[Dataset entries]

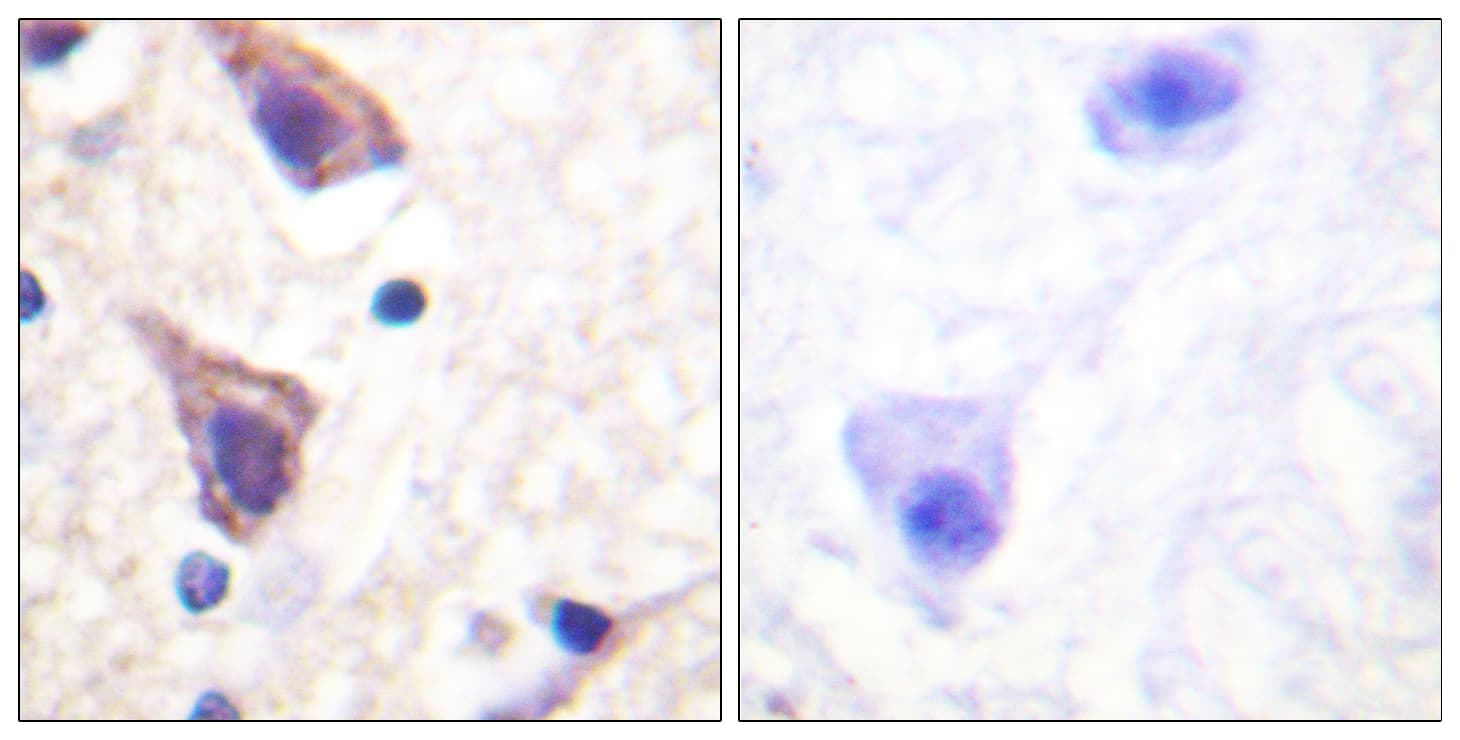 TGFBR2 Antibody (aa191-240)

...

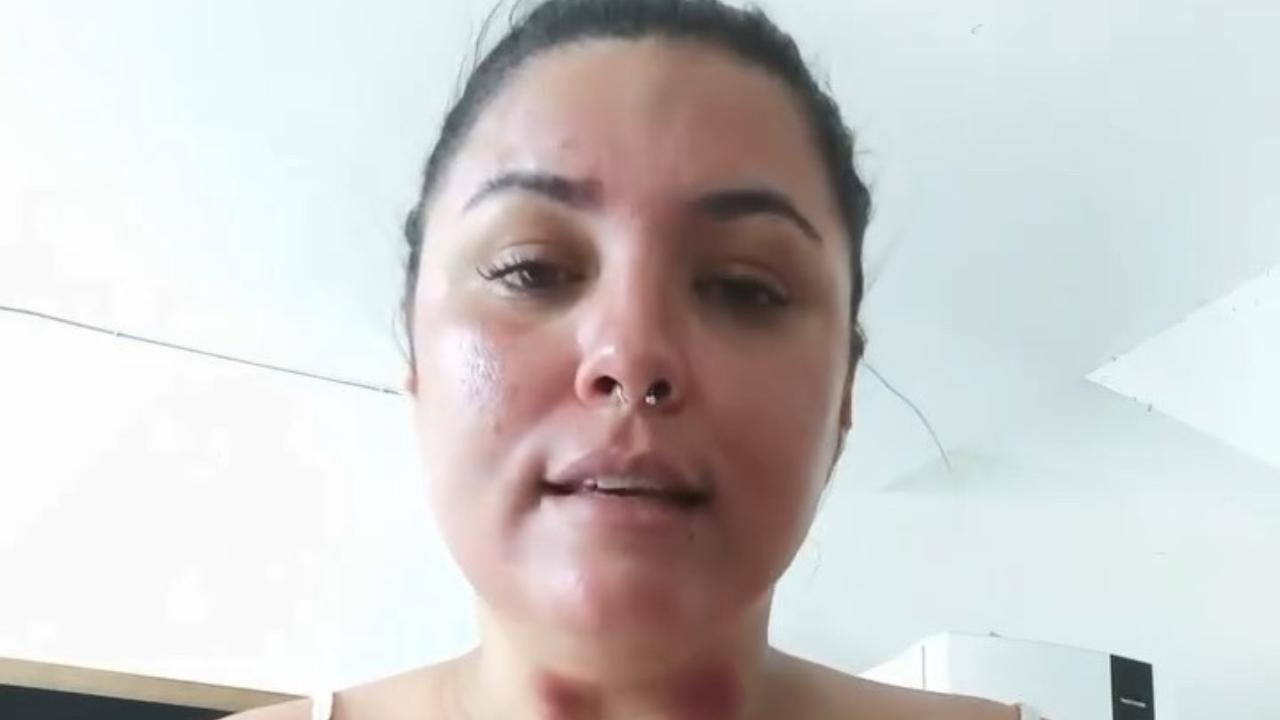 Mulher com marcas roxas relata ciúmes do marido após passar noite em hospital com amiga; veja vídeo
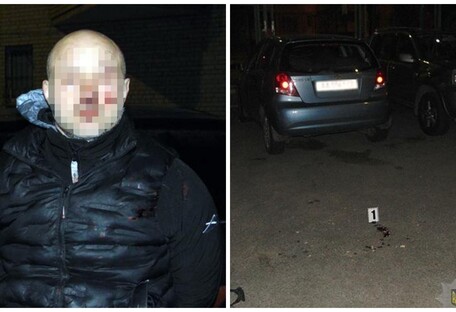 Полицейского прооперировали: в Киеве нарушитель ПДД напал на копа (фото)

[Problem statement] Would you set down only the lines above from the line with "Mulher com marcas" to the line with "Полицейского прооперировали: в", both included, exactly as they stand and without the pictures?

[Output below]
 Mulher com marcas roxas relata ciúmes do marido após passar noite em hospital com amiga; veja vídeo
 Полицейского прооперировали: в Киеве нарушитель ПДД напал на копа (фото)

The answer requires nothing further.